ATTENZIONE su indicazione dell'autore, la recensione potrebbe contenere anticipazioni della trama

Vado in questo posto palpitante di persone, eco, friendly e intellettuali, dove nel cortile viene proiettato il film sul muro. Ci sono i lampi e sono scosso di mio e ho paura che piova e di non poter vedere la fine, puffoquattrocchiescamente io odio lasciare i film a metà. Lì mi sento solo, ma non era male, quindi alla fine meno solo.
La protagonista, Wadjda, è una ragazzina che cresce in Arabia Saudita. O giù per di là, RiaD? Massì, facciamo Riad, periferia, strade polverose e donne col burqua. Perché è un film di donne e per donne, che tramite la storia di Wadjda, vuole illustrare quanto sia claustrofobicamente chiusa la vita delle donne arabe.

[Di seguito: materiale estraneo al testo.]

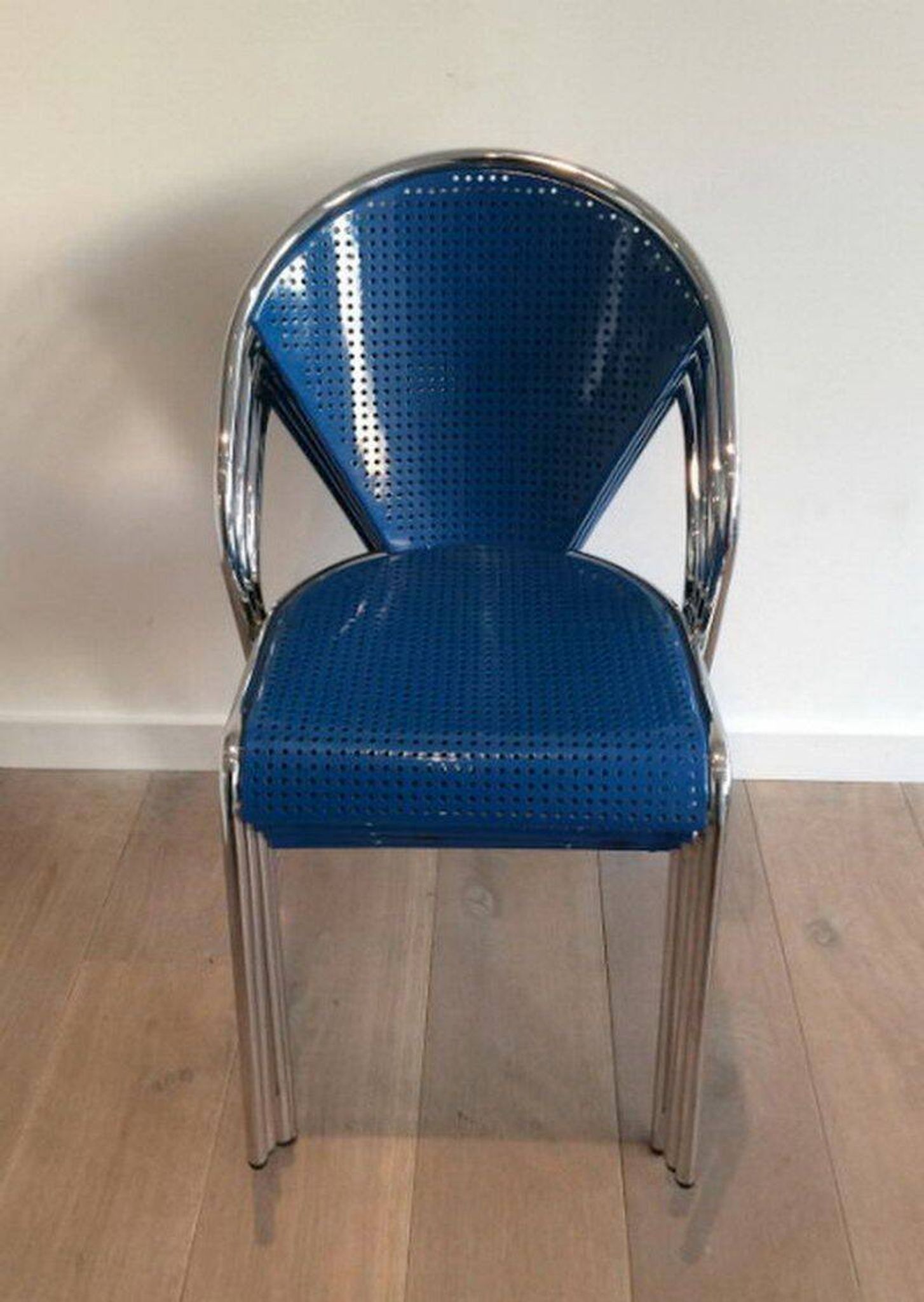 Set of 4 chrome chairs with perforated seats in blue lacquered metal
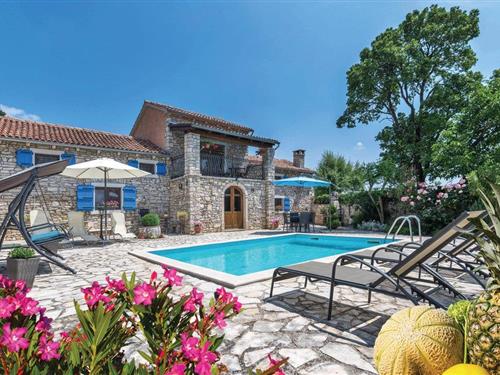 Holiday home - 6 persons -  - Puntera - Barban-Puntera - 52207 - Puntera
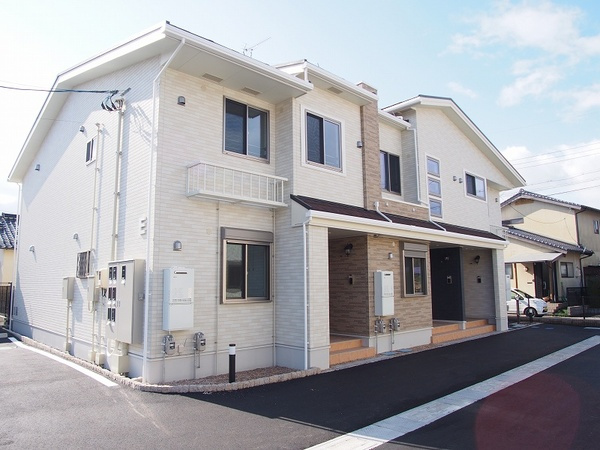 アヴニールヴィラ栂前Ｅの外観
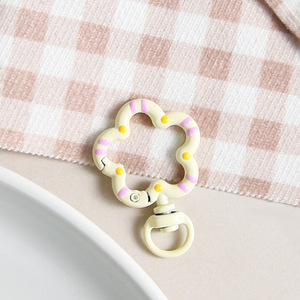 Bán buôn màu mở-vòng hoa mùa xuân Clasp phụ kiện sơn kim loại nhẫn cho Keychain Nhà cung cấp - Product Image 3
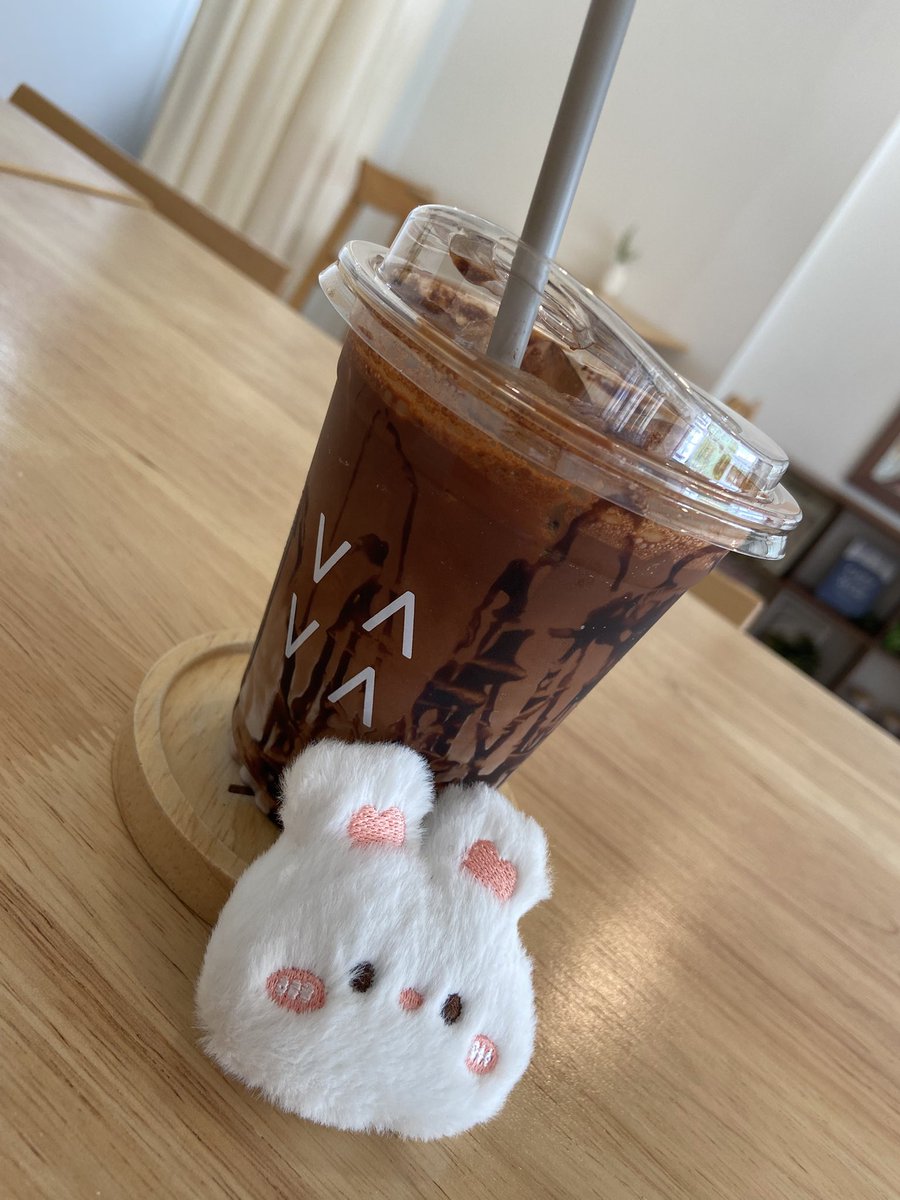 Chiffon_Decilia's tweet photo. วันนี้เค้กไปหม่ำๆที่ @Versatile_Cafe มาา🙌🏻
โกโก้ชาไทยอร่อยมากค่ะต้าว ต้องลอง~!🍫🧡🥺✨
ปล.ให้น้องกาตุ่ยคือต้าวเค้ก🐰🍰💓
#VersatileCafe https://t.co/vNc6IhnZuZ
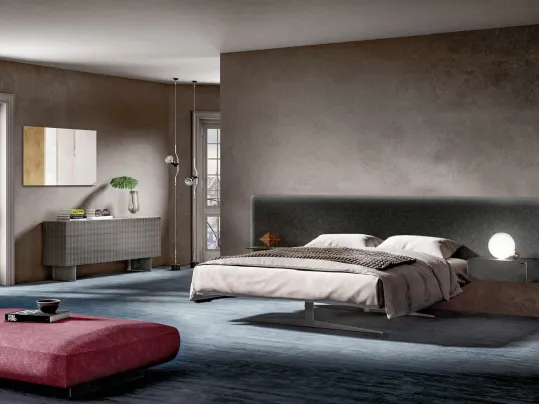 Letto Steel Free con ampia testiera in tessuto imbottito Lago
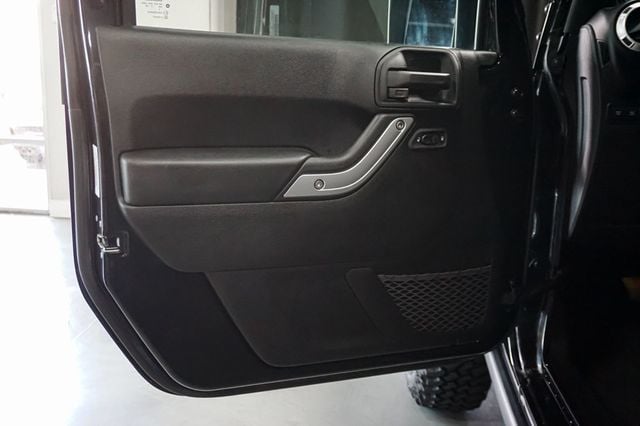 2013 Jeep Wrangler Unlimited *Wrangler Rubicon* *4WD* *Only 7k Original Miles* *1-Owner* - 23015427 - 17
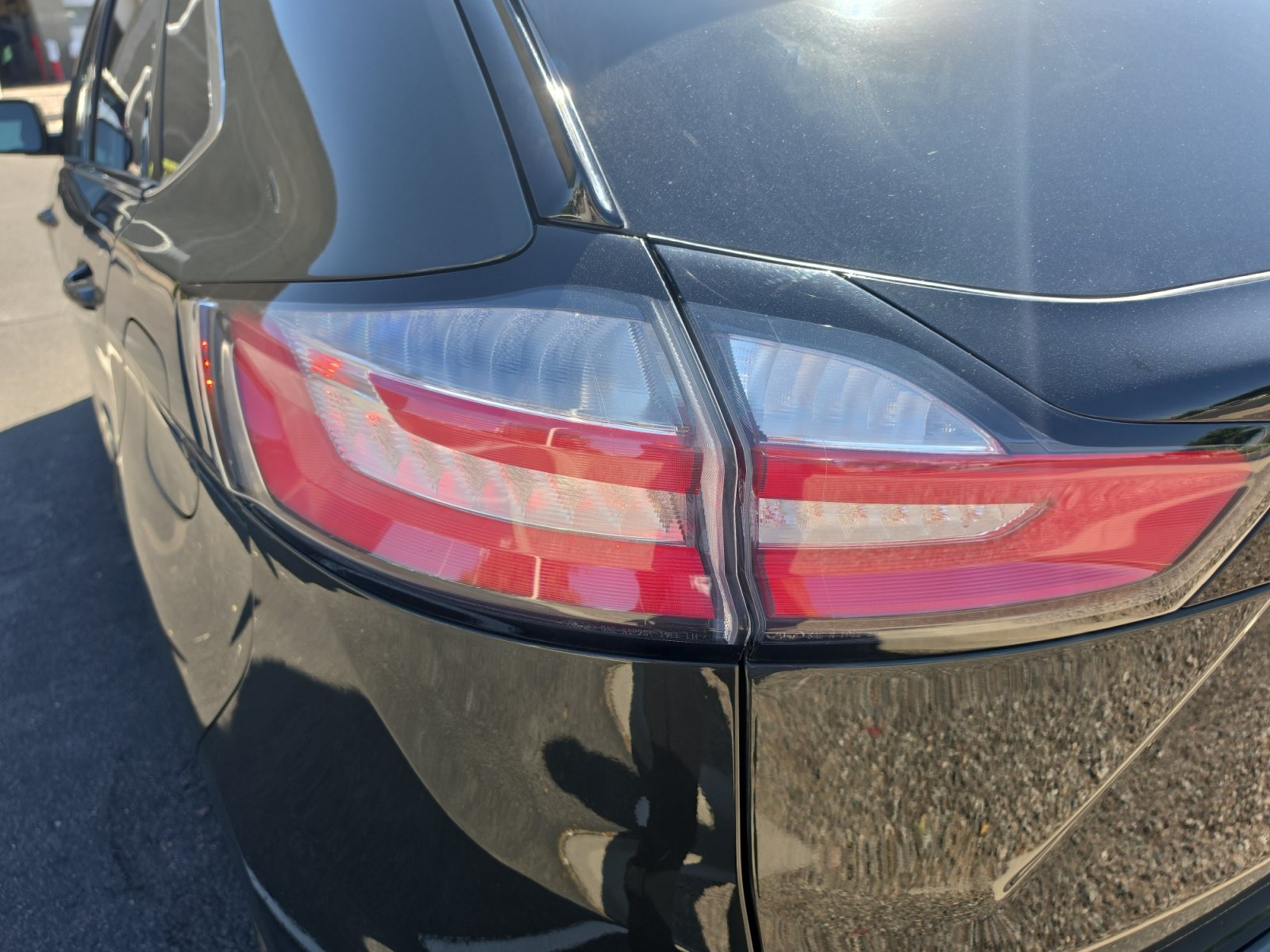 Used 2022 Ford Edge SEL AWD/4WD image 10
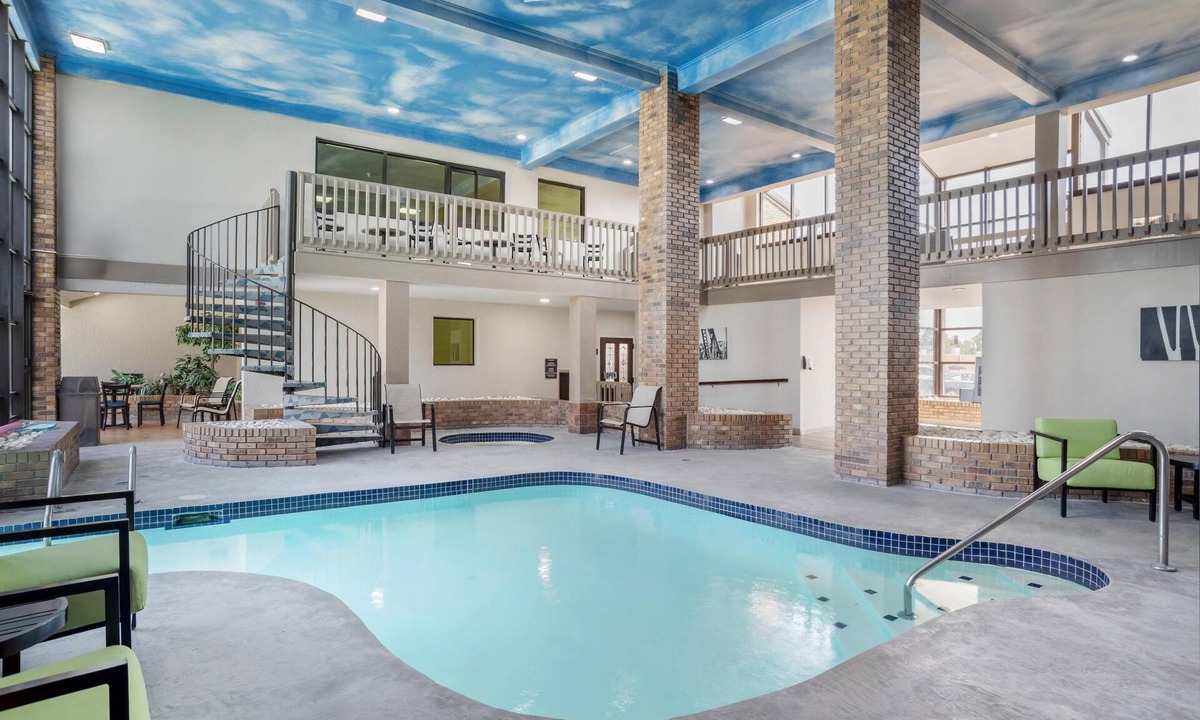 Greenwood Hotel | SureStay Plus Hotel by Best Western Greenwood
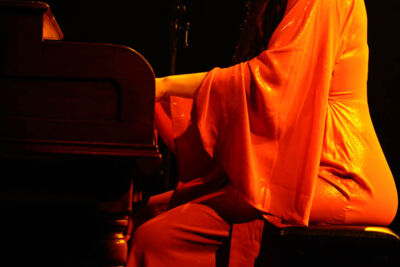 Camilla Blue @ Effenaar, picture 10, photographed by Peter Minnebo - FrontView Magazine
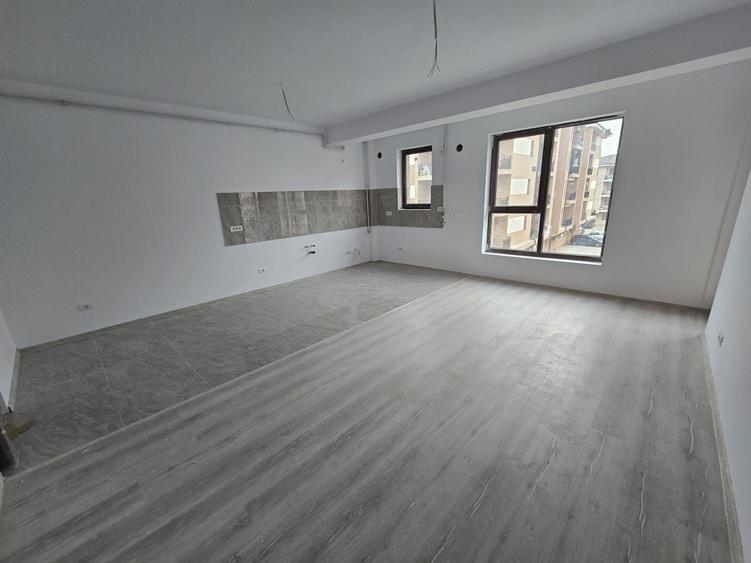 Apartament cu 2 camere decomandat în Girocului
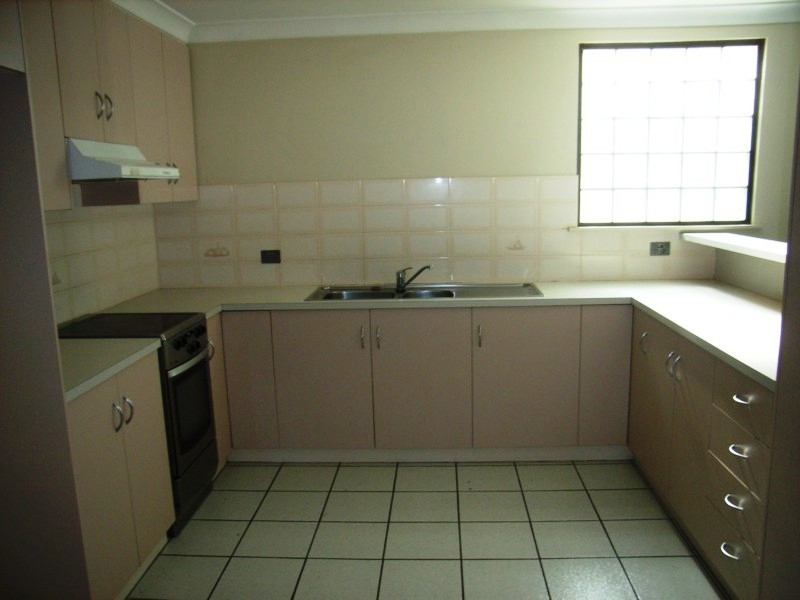 11/208 Hume Street, South Toowoomba QLD 4350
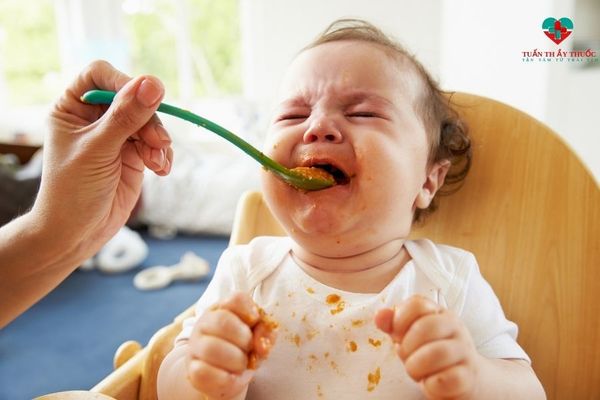 Do đặc điểm dinh dưỡng không hợp lý khiến bé khó hấp thu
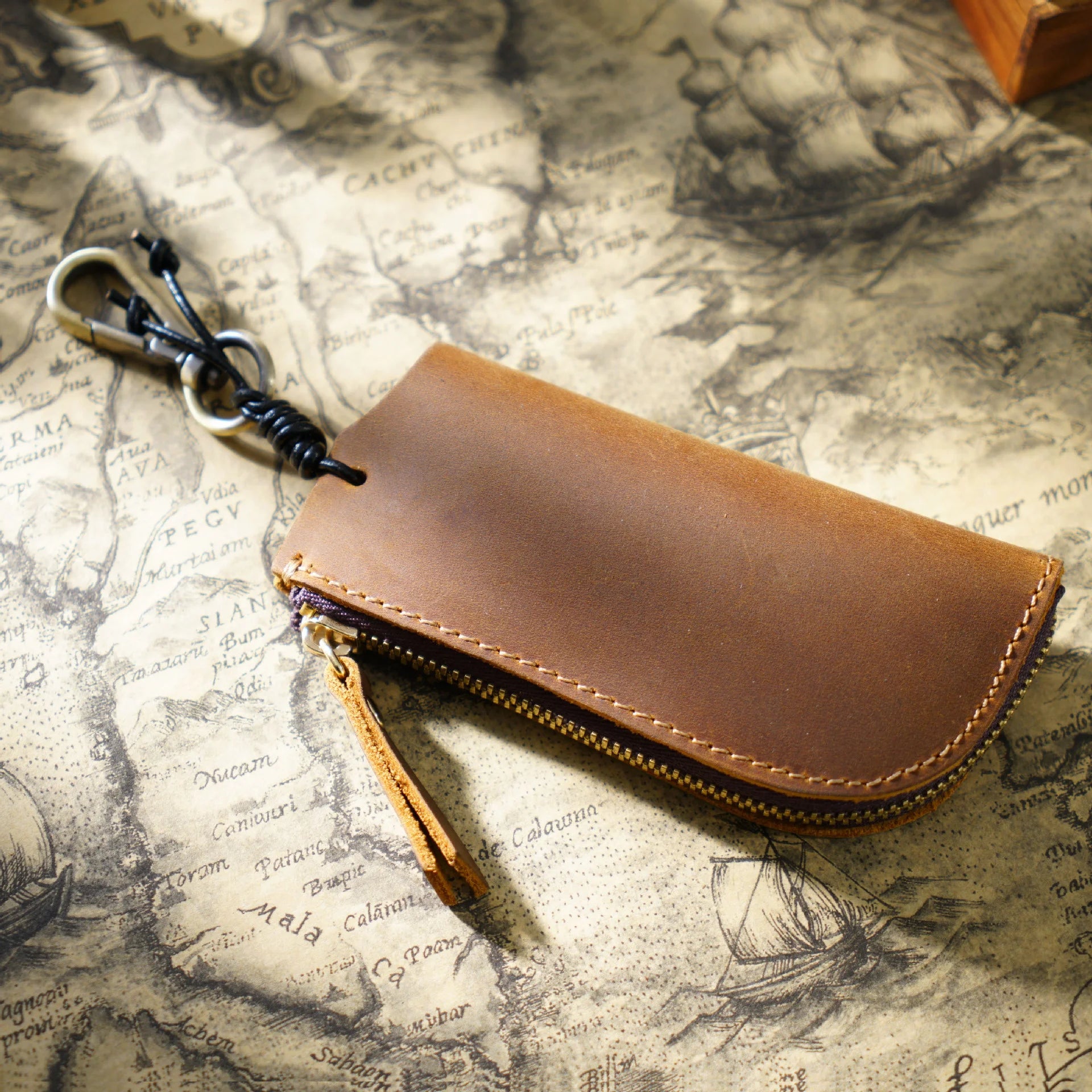Vintage Cowhide Key Storage Bag with Metal Hook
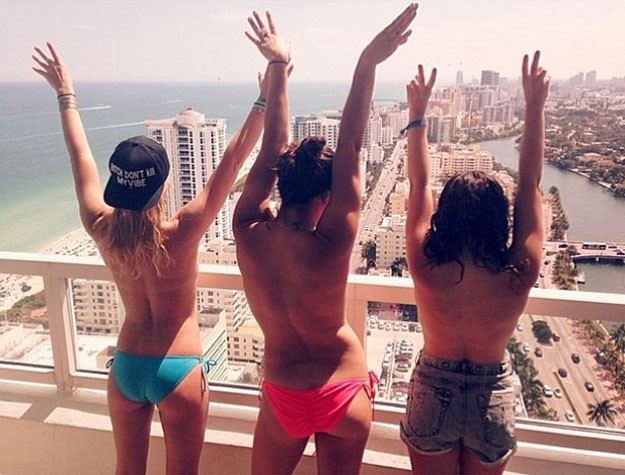 Ultima moda, care atrage tot mai multi adepti in randul turistilor: fotografii topless cu peisaje, postate pe internet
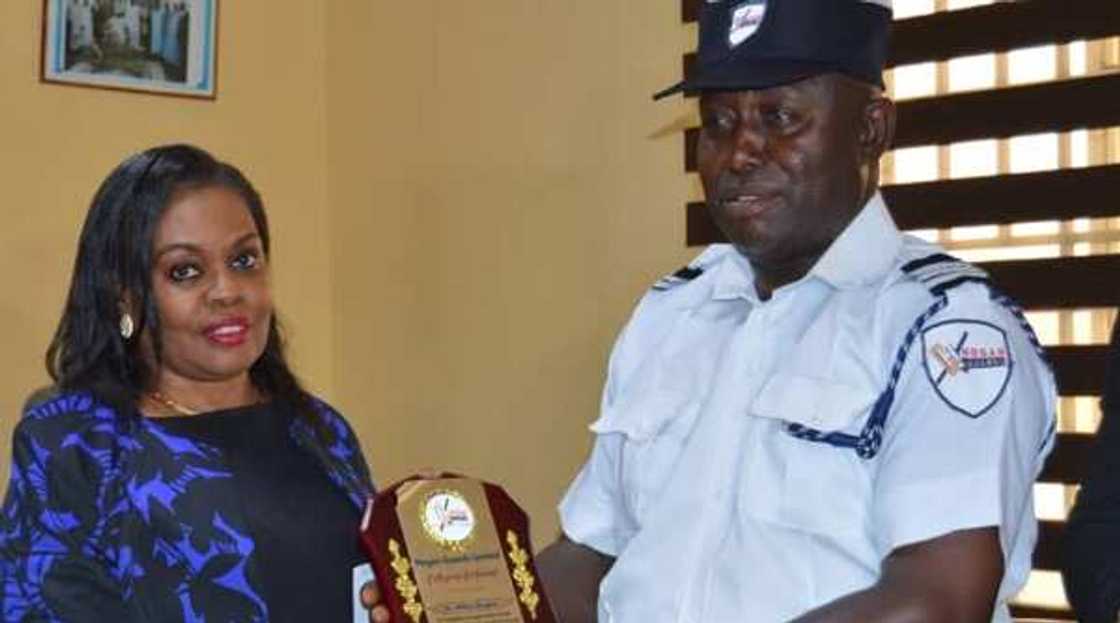 Security guard rewarded for returning N3.6m found inside banking hall Security guard rewarded for returning N3.6m found inside banking hall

Concretamente, con i veli ovunque, le scuole divise dai maschi, il terrore continuo di poter essere viste e considerate poco di buono. E allora muri muri muri. E psicologicamente, con mille e mille cose che “non si possono fare”, solo perché si è donna e non si fa. Eh no, sei donna, non si fa. La bicicletta è il simbolo, semplice ma efficace, di tutto ciò, e Wablabla che lotta per ottenerla, con le armi spuntate che può avere una ragazzina contro il sistema, la speranza per un futuro più… più. Opera decisamente a tema e da cineforum, da marxiste femministe e retaggi del genere, da lavarsi la coscienza. Però delicato e pacato e ben girato, la protagonista nelle sue converse è un piccolo mostro di simpatia e astuzie varie; intorno a lei, si descrive un mondo dove le vite di tutti, nessuno escluso, sono castrate dalla pressione social-religiosa. La mamma e l’insegnante stronza, che fa tanto la precious ma si capisce che la da, tra l’altro sono troppo gnocche e milf.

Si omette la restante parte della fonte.